Por otro lado, la estrategia tiene límites y riesgos bien visibles. El más evidente: la acusación —real o percibida— de vulneración de soberanía. Cuando un actor externo presiona con dureza, genera nacionalismo, victimismo y, en algunos casos, reacciones que consolidan al régimen en el poder. Además, el impacto humanitario y económico puede caer sobre poblaciones enteras, que terminan pagando una factura que no eligieron.

Otro riesgo es la escalada. La política de “exterminar” —palabra que no conviene usar a la ligera— implica confrontación directa a estructuras que, en ocasiones, tienen enlaces en lo más alto de la gobernabilidad local. Si las redes criminales y algunos poderes fácticos se sienten acorralados, no es descartable que respondan con violencia o con estrategias más agresivas de narcotráfico y desestabilización.
También está el tablero geopolítico: Rusia, China y otras potencias observan estas tensiones con interés. Aun sin levantar banderas, ofrecen alternativas económicas y diplomáticas a gobiernos sancionados. Ese juego de sustitución erosiona el poder de la presión unilateral y abre frentes multiplicados.

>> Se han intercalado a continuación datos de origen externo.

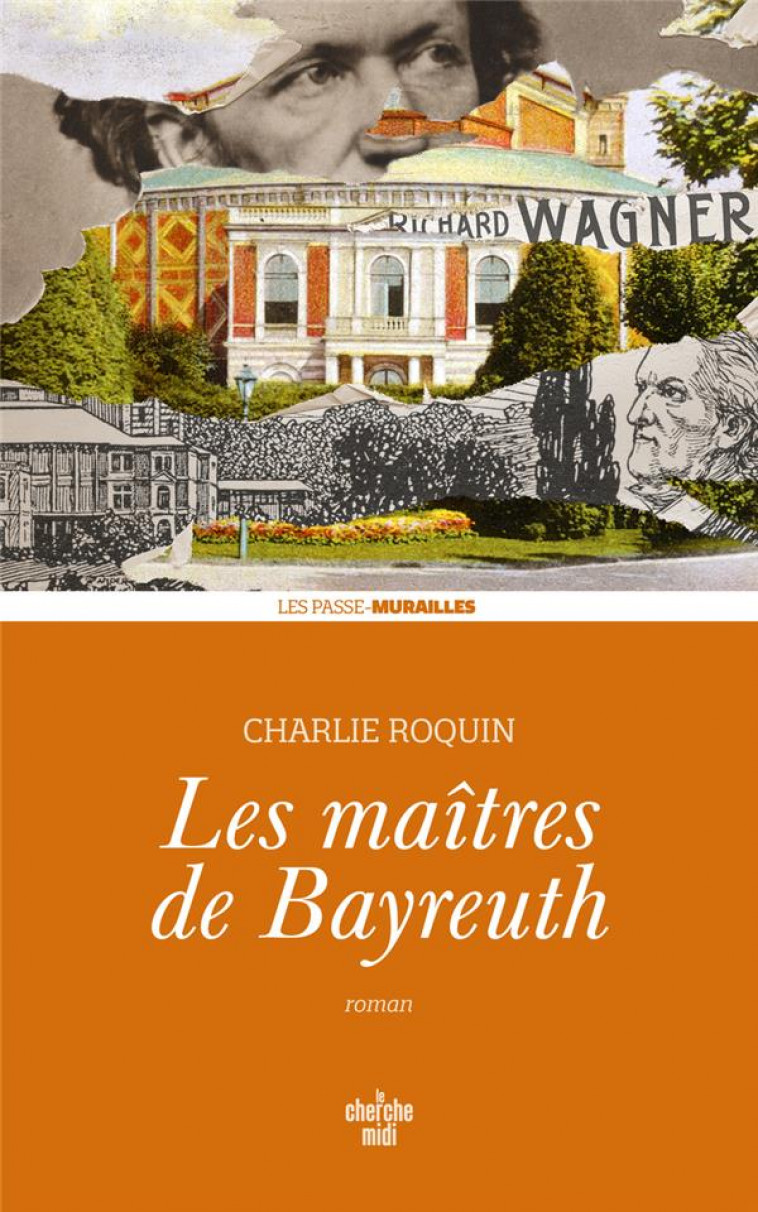 LES MAITRES DE BAYREUTH - ROQUIN CHARLIE - LE CHERCHE MIDI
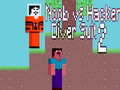 Тоглоом Noob vs Hacker Diver Suit 2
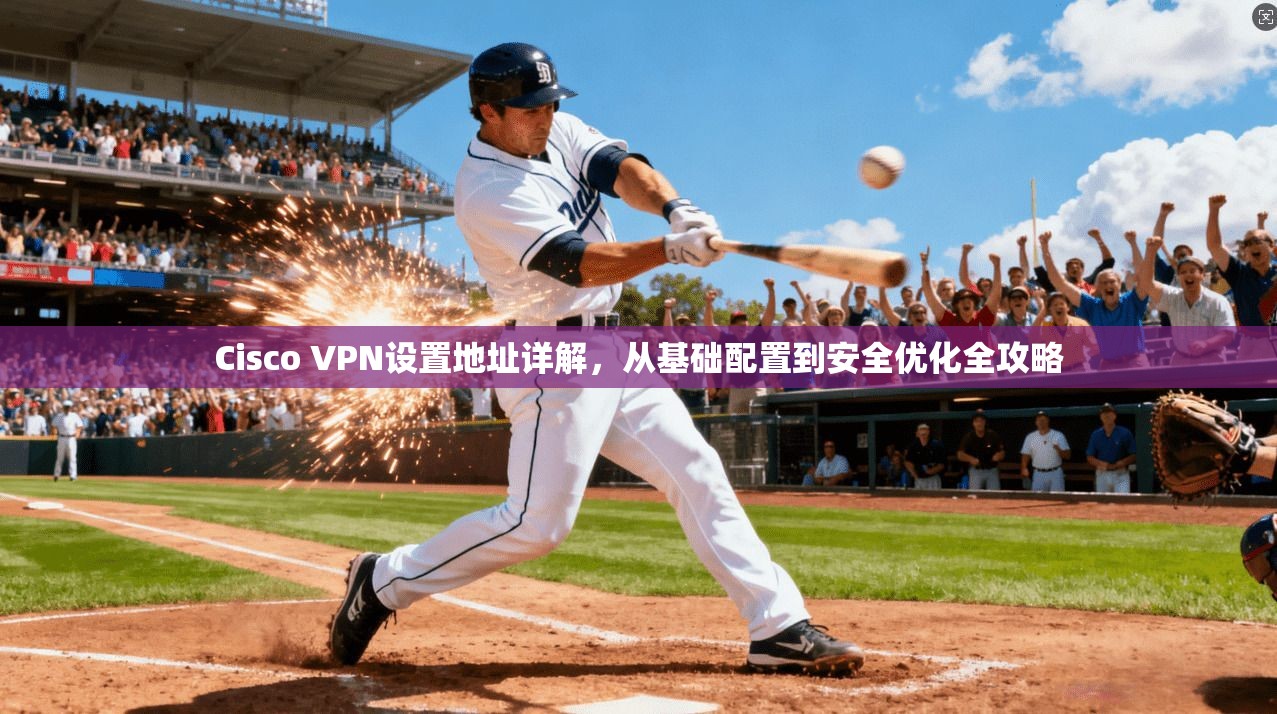 Cisco VPN设置地址详解，从基础配置到安全优化全攻略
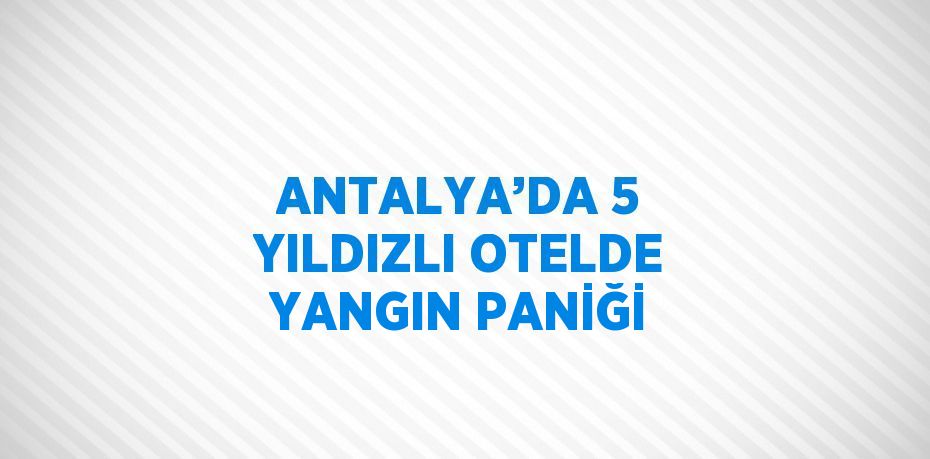 ANTALYA’DA 5 YILDIZLI OTELDE YANGIN PANİĞİ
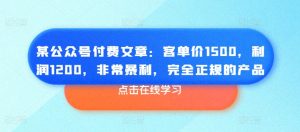 某公众号付费文章:客单价1500,利润1200,非常暴利,完全正规的产品-赚金金-技能学习分享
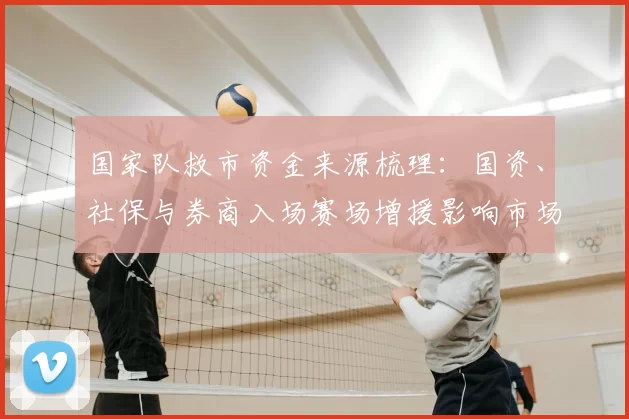 国家队救市资金来源梳理：国资、社保与券商入场赛场增援影响市场信心
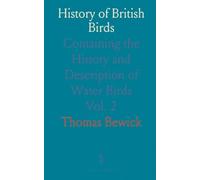 History of British Birds: Containing the History and Description of Water Birds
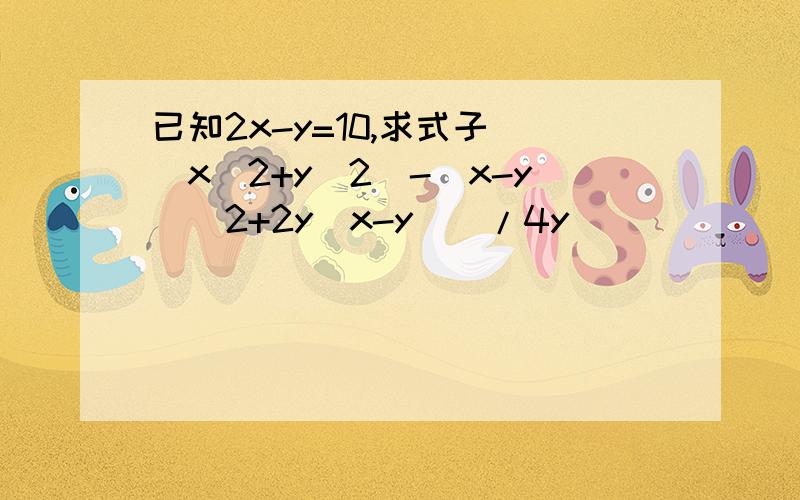 已知2x-y=10,求式子[(x^2+y^2)-(x-y)^2+2y(x-y)]/4y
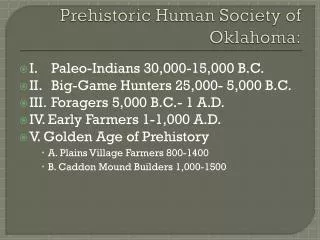 Prehistoric Human Society of Oklahoma:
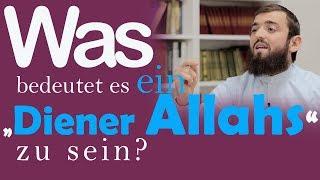 Was bedeutet es ein Diener Allahs zu sein? | Ardian Elezi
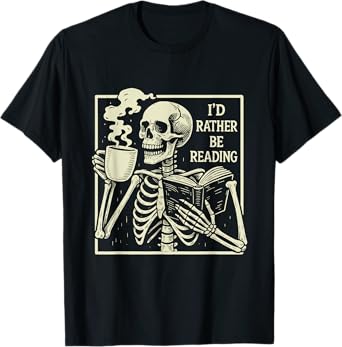 I'd Rather Be Reading Skeleton Reading Book Bookworm Teacher T-Shirt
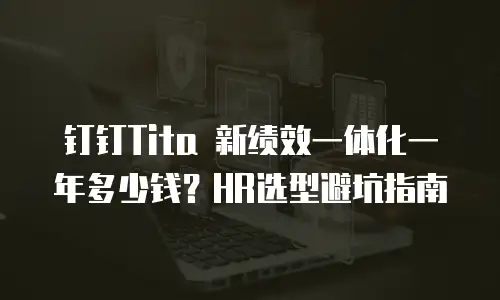 钉钉Tita 新绩效一体化一年多少钱？HR选型避坑指南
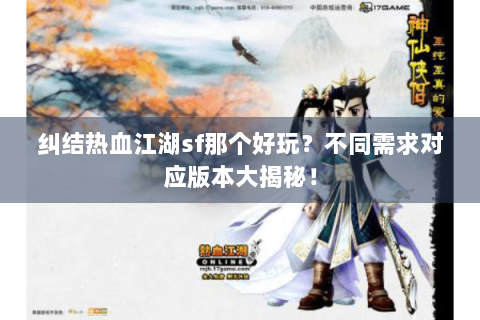 纠结热血江湖sf那个好玩？不同需求对应版本大揭秘！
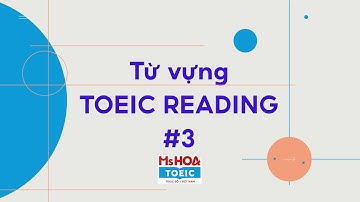 Học Siêu Tốc Từ vựng TOEIC 2022: Bài 3| Ms Hoa TOEIC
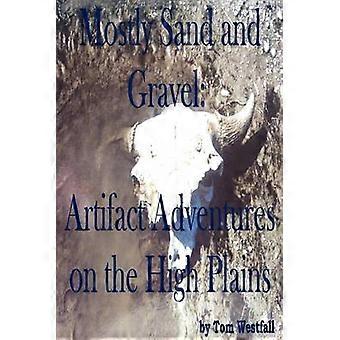 Mostly Sand and Gravel Artifact Adventures on the High Plains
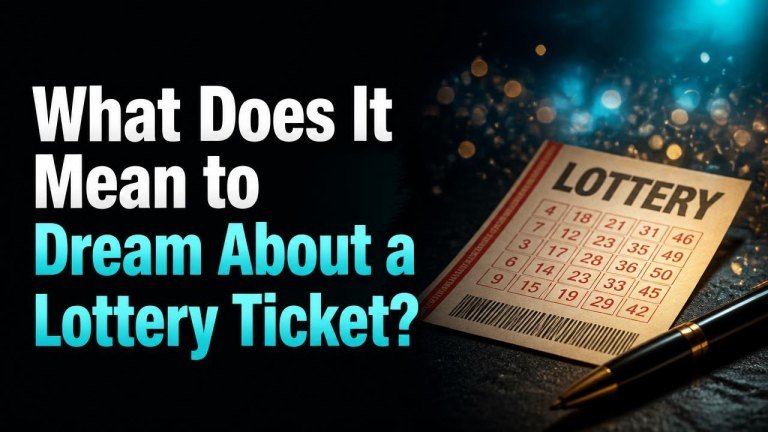 What Does It Mean to Dream About a Lottery Ticket?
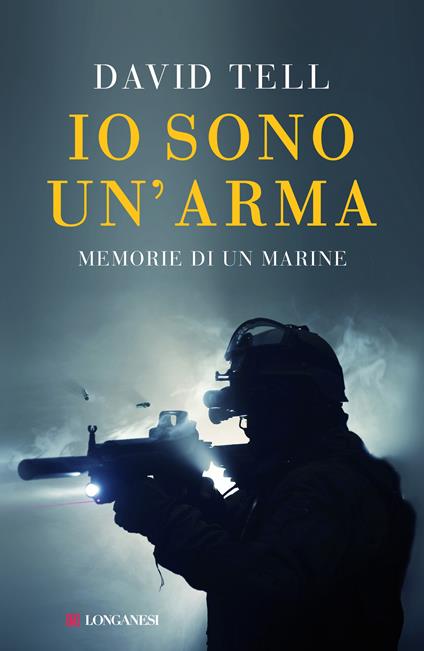 Io sono un'arma. Memorie di un marine - David Tell,Alessio Lazzati - ebook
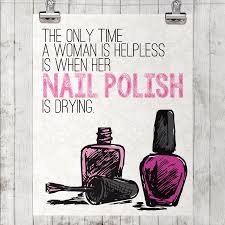 Women Aren T Helpless Printable Nail Polish Quote Poster Print At Home Laquerista Decor Pink Girly Feminis Home Nail Salon Nail Polish Quotes Nail Salon Design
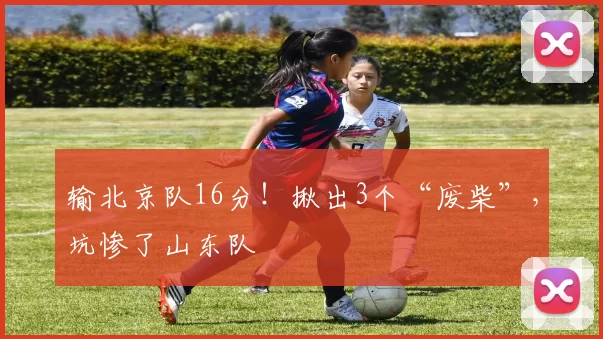 输北京队16分！揪出3个“废柴”，坑惨了山东队
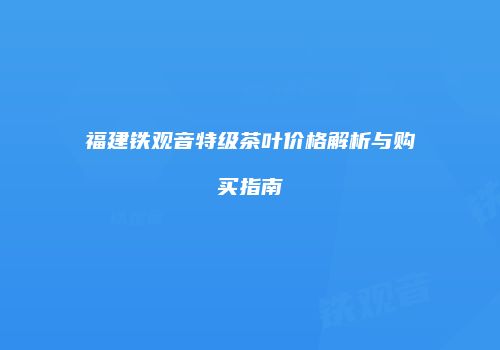 福建铁观音特级茶叶价格解析与购买指南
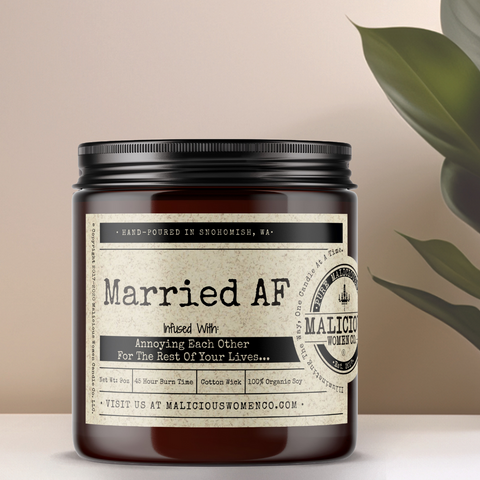 Married AF! - Infused With "Annoying Each Other For The Rest Of Your Lives..."
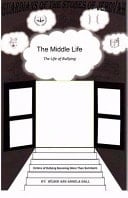 The Guardians of the Stones of Jehovah The Middle Life - the Life of Bullying
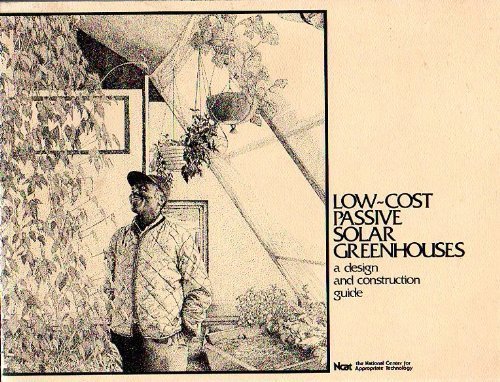 Low-Cost Passive Solar Greenhouses - Alward, Ron, Shapiro, Andy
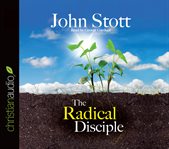 The radical disciple: some neglected aspects of our calling cover image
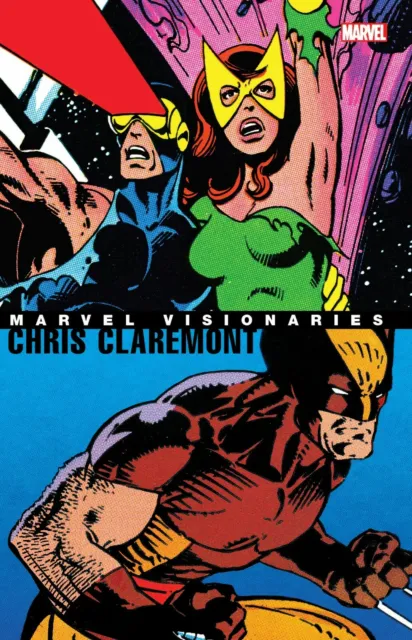 Marvel Visionaries: Chris Claremont TPB - Marvel Comics Graphic Novel - NEW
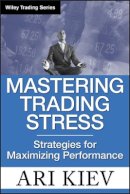 Ari Kiev - Mastering Trading Stress - 9780470181683 - V9780470181683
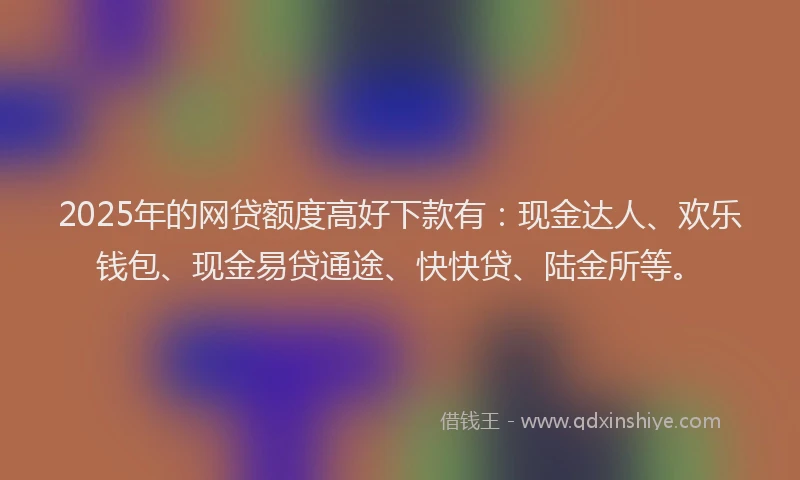 2025年的网贷额度高好下款有：现金达人、欢乐钱包、现金易贷通途、快快贷、陆金所等。
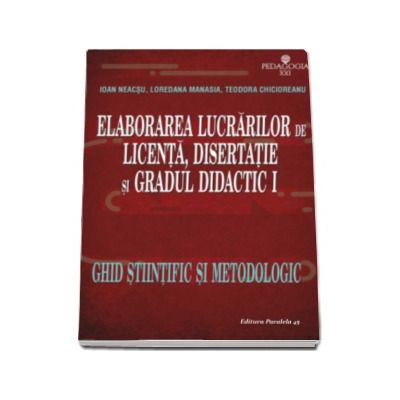 Elaborarea lucrarilor de licenta, disertatie si gradul didactic I - Ghid stiintific si metodologic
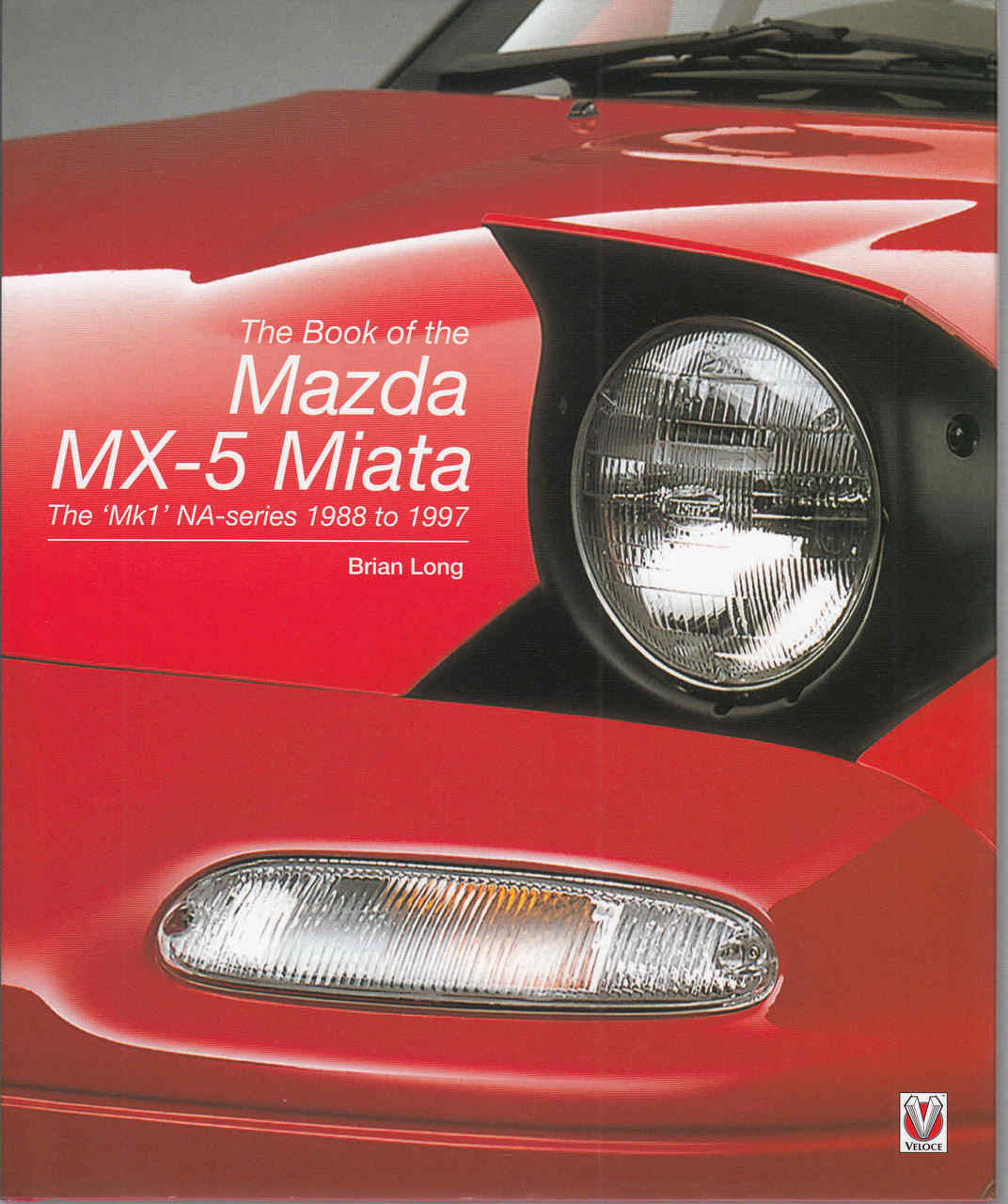 The Book of the Mazda MX-5 Miata The 'Mk1' NA-series 1988 to 1997  - front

Qué puede esperar la región. En lo inmediato, más ruido diplomático, más designaciones, más cooperación entre agencias de inteligencia, mayor visibilidad sobre negocios oscuros y, probablemente, caídas de algunos operadores que hasta ayer parecían intocables. Pero en lo medio y largo plazo, cualquier victoria requiere algo más que presión: exige reformas internas, instituciones robustas y un compromiso real de los países afectados para cortar la complicidad.
La otra verdad incómoda es que la “guerra” no se gana desde fuera. Se allana desde dentro: con fiscales valientes, sistemas financieros transparentes, prensa libre que siga filtrando y gobiernos locales que decidan romper cadenas de protección. Si Washington trae al tablero su voluntad y sus recursos, los gobiernos regionales deben aportar la musculatura institucional para que la limpieza sea profunda y duradera.

En el fondo, lo que está en juego es la capacidad de América Latina para decidir su destino sin que las mafias secuestren el futuro. Y en eso la Casa Blanca puede ser actor, provocador o catalizador. Dependiendo de cómo se maneje, su intervención puede abrir una cuenta de oportunidad histórica —si se acompaña de reformas internas— o enterrar liderazgos democráticos si la respuesta produce más daño que beneficio.
La nueva guerra fría es silenciosa y compleja. Sus armas no suenan como bombas, pero golpean fuerte. Y para quienes viven en la región, la pregunta esencial no es si el comunismo o el socialismo caerán por decreto exterior, sino si las sociedades encontrarán, por fin, la fuerza institucional para romper los lazos que han atado el poder y la ilegalidad. Porque sin eso, cualquier victoria será temporal. Y la historia, como siempre, castigará la superficialidad.